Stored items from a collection
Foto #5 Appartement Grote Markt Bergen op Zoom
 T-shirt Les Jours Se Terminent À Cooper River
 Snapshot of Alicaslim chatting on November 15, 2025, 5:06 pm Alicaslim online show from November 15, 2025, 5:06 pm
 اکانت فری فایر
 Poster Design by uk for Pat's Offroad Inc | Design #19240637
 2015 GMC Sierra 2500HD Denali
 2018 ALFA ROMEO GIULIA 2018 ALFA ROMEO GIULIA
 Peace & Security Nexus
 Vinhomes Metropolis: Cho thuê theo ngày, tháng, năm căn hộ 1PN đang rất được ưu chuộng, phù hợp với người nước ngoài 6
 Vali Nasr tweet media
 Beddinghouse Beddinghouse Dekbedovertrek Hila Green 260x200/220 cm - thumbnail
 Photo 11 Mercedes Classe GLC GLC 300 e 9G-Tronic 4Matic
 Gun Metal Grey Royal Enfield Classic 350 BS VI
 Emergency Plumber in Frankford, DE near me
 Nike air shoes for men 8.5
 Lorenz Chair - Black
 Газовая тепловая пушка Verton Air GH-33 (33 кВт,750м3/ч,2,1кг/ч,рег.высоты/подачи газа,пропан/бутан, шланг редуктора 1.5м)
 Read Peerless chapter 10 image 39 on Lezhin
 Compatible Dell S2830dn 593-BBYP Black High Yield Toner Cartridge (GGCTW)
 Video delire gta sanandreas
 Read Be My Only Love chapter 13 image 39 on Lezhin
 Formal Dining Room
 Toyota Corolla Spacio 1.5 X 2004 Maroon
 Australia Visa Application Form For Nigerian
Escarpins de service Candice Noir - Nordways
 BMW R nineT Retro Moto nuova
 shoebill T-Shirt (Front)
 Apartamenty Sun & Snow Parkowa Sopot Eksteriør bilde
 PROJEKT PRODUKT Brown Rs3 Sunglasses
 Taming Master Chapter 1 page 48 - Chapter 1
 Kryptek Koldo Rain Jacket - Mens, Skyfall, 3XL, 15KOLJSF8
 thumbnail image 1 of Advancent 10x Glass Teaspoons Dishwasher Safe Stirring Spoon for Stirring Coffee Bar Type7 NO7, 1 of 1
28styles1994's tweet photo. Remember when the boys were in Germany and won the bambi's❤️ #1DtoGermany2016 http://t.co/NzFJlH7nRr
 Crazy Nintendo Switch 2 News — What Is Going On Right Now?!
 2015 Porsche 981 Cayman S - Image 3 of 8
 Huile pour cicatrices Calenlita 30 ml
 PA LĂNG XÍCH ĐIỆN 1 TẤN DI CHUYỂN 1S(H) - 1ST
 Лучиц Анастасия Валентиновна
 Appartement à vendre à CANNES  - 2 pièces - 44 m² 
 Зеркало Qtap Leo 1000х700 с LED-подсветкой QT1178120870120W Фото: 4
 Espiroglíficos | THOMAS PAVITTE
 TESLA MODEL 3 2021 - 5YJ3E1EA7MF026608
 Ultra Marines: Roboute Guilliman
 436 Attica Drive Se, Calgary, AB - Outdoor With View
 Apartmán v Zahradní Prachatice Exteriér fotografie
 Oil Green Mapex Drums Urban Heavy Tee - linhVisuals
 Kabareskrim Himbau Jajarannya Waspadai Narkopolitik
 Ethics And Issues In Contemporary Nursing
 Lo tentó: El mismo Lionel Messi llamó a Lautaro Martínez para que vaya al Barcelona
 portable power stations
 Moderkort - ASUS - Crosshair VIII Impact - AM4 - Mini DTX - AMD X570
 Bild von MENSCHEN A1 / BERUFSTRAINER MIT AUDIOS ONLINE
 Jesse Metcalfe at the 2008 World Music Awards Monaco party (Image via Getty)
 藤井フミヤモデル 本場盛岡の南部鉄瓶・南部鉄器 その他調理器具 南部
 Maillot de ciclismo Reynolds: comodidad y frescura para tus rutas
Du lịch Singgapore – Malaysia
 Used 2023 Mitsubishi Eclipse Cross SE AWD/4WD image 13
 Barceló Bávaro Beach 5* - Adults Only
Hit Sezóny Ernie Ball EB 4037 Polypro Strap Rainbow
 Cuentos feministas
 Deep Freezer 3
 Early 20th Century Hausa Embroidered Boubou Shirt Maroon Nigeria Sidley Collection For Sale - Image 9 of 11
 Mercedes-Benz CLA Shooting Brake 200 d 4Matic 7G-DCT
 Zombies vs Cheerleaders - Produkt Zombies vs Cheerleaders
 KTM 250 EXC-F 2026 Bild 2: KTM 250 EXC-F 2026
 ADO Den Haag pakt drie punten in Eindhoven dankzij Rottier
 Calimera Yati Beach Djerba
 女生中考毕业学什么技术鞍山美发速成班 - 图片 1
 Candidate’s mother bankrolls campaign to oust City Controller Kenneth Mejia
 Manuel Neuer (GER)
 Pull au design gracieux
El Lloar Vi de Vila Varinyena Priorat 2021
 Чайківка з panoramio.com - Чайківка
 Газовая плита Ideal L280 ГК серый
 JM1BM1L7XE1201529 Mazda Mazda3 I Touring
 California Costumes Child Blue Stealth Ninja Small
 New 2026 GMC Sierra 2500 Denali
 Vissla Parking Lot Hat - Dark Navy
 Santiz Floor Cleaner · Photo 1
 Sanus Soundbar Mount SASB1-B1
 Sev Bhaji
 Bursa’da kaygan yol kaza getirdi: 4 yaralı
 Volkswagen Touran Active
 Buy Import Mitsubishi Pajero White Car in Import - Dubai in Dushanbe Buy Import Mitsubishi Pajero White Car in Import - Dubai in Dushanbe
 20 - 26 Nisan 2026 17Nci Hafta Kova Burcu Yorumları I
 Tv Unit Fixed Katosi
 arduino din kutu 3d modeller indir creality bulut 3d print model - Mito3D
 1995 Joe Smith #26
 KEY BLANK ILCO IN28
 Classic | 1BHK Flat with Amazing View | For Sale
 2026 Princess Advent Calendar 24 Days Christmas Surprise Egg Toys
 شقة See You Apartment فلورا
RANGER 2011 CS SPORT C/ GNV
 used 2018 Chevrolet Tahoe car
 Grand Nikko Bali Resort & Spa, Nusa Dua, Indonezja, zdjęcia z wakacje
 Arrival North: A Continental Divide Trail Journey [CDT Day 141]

### EXERCISE DETAILS
Each line of the data is to be written out again exactly.

### ANSWER TO THIS EXERCISE
Foto #5 Appartement Grote Markt Bergen op Zoom
 T-shirt Les Jours Se Terminent À Cooper River
 Snapshot of Alicaslim chatting on November 15, 2025, 5:06 pm Alicaslim online show from November 15, 2025, 5:06 pm
 اکانت فری فایر
 Poster Design by uk for Pat's Offroad Inc | Design #19240637
 2015 GMC Sierra 2500HD Denali
 2018 ALFA ROMEO GIULIA 2018 ALFA ROMEO GIULIA
 Peace & Security Nexus
 Vinhomes Metropolis: Cho thuê theo ngày, tháng, năm căn hộ 1PN đang rất được ưu chuộng, phù hợp với người nước ngoài 6
 Vali Nasr tweet media
 Beddinghouse Beddinghouse Dekbedovertrek Hila Green 260x200/220 cm - thumbnail
 Photo 11 Mercedes Classe GLC GLC 300 e 9G-Tronic 4Matic
 Gun Metal Grey Royal Enfield Classic 350 BS VI
 Emergency Plumber in Frankford, DE near me
 Nike air shoes for men 8.5
 Lorenz Chair - Black
 Газовая тепловая пушка Verton Air GH-33 (33 кВт,750м3/ч,2,1кг/ч,рег.высоты/подачи газа,пропан/бутан, шланг редуктора 1.5м)
 Read Peerless chapter 10 image 39 on Lezhin
 Compatible Dell S2830dn 593-BBYP Black High Yield Toner Cartridge (GGCTW)
 Video delire gta sanandreas
 Read Be My Only Love chapter 13 image 39 on Lezhin
 Formal Dining Room
 Toyota Corolla Spacio 1.5 X 2004 Maroon
 Australia Visa Application Form For Nigerian
Escarpins de service Candice Noir - Nordways
 BMW R nineT Retro Moto nuova
 shoebill T-Shirt (Front)
 Apartamenty Sun & Snow Parkowa Sopot Eksteriør bilde
 PROJEKT PRODUKT Brown Rs3 Sunglasses
 Taming Master Chapter 1 page 48 - Chapter 1
 Kryptek Koldo Rain Jacket - Mens, Skyfall, 3XL, 15KOLJSF8
 thumbnail image 1 of Advancent 10x Glass Teaspoons Dishwasher Safe Stirring Spoon for Stirring Coffee Bar Type7 NO7, 1 of 1
28styles1994's tweet photo. Remember when the boys were in Germany and won the bambi's❤️ #1DtoGermany2016 http://t.co/NzFJlH7nRr
 Crazy Nintendo Switch 2 News — What Is Going On Right Now?!
 2015 Porsche 981 Cayman S - Image 3 of 8
 Huile pour cicatrices Calenlita 30 ml
 PA LĂNG XÍCH ĐIỆN 1 TẤN DI CHUYỂN 1S(H) - 1ST
 Лучиц Анастасия Валентиновна
 Appartement à vendre à CANNES  - 2 pièces - 44 m² 
 Зеркало Qtap Leo 1000х700 с LED-подсветкой QT1178120870120W Фото: 4
 Espiroglíficos | THOMAS PAVITTE
 TESLA MODEL 3 2021 - 5YJ3E1EA7MF026608
 Ultra Marines: Roboute Guilliman
 436 Attica Drive Se, Calgary, AB - Outdoor With View
 Apartmán v Zahradní Prachatice Exteriér fotografie
 Oil Green Mapex Drums Urban Heavy Tee - linhVisuals
 Kabareskrim Himbau Jajarannya Waspadai Narkopolitik
 Ethics And Issues In Contemporary Nursing
 Lo tentó: El mismo Lionel Messi llamó a Lautaro Martínez para que vaya al Barcelona
 portable power stations
 Moderkort - ASUS - Crosshair VIII Impact - AM4 - Mini DTX - AMD X570
 Bild von MENSCHEN A1 / BERUFSTRAINER MIT AUDIOS ONLINE
 Jesse Metcalfe at the 2008 World Music Awards Monaco party (Image via Getty)
 藤井フミヤモデル 本場盛岡の南部鉄瓶・南部鉄器 その他調理器具 南部
 Maillot de ciclismo Reynolds: comodidad y frescura para tus rutas
Du lịch Singgapore – Malaysia
 Used 2023 Mitsubishi Eclipse Cross SE AWD/4WD image 13
 Barceló Bávaro Beach 5* - Adults Only
Hit Sezóny Ernie Ball EB 4037 Polypro Strap Rainbow
 Cuentos feministas
 Deep Freezer 3
 Early 20th Century Hausa Embroidered Boubou Shirt Maroon Nigeria Sidley Collection For Sale - Image 9 of 11
 Mercedes-Benz CLA Shooting Brake 200 d 4Matic 7G-DCT
 Zombies vs Cheerleaders - Produkt Zombies vs Cheerleaders
 KTM 250 EXC-F 2026 Bild 2: KTM 250 EXC-F 2026
 ADO Den Haag pakt drie punten in Eindhoven dankzij Rottier
 Calimera Yati Beach Djerba
 女生中考毕业学什么技术鞍山美发速成班 - 图片 1
 Candidate’s mother bankrolls campaign to oust City Controller Kenneth Mejia
 Manuel Neuer (GER)
 Pull au design gracieux
El Lloar Vi de Vila Varinyena Priorat 2021
 Чайківка з panoramio.com - Чайківка
 Газовая плита Ideal L280 ГК серый
 JM1BM1L7XE1201529 Mazda Mazda3 I Touring
 California Costumes Child Blue Stealth Ninja Small
 New 2026 GMC Sierra 2500 Denali
 Vissla Parking Lot Hat - Dark Navy
 Santiz Floor Cleaner · Photo 1
 Sanus Soundbar Mount SASB1-B1
 Sev Bhaji
 Bursa’da kaygan yol kaza getirdi: 4 yaralı
 Volkswagen Touran Active
 Buy Import Mitsubishi Pajero White Car in Import - Dubai in Dushanbe Buy Import Mitsubishi Pajero White Car in Import - Dubai in Dushanbe
 20 - 26 Nisan 2026 17Nci Hafta Kova Burcu Yorumları I
 Tv Unit Fixed Katosi
 arduino din kutu 3d modeller indir creality bulut 3d print model - Mito3D
 1995 Joe Smith #26
 KEY BLANK ILCO IN28
 Classic | 1BHK Flat with Amazing View | For Sale
 2026 Princess Advent Calendar 24 Days Christmas Surprise Egg Toys
 شقة See You Apartment فلورا
RANGER 2011 CS SPORT C/ GNV
 used 2018 Chevrolet Tahoe car
 Grand Nikko Bali Resort & Spa, Nusa Dua, Indonezja, zdjęcia z wakacje
 Arrival North: A Continental Divide Trail Journey [CDT Day 141]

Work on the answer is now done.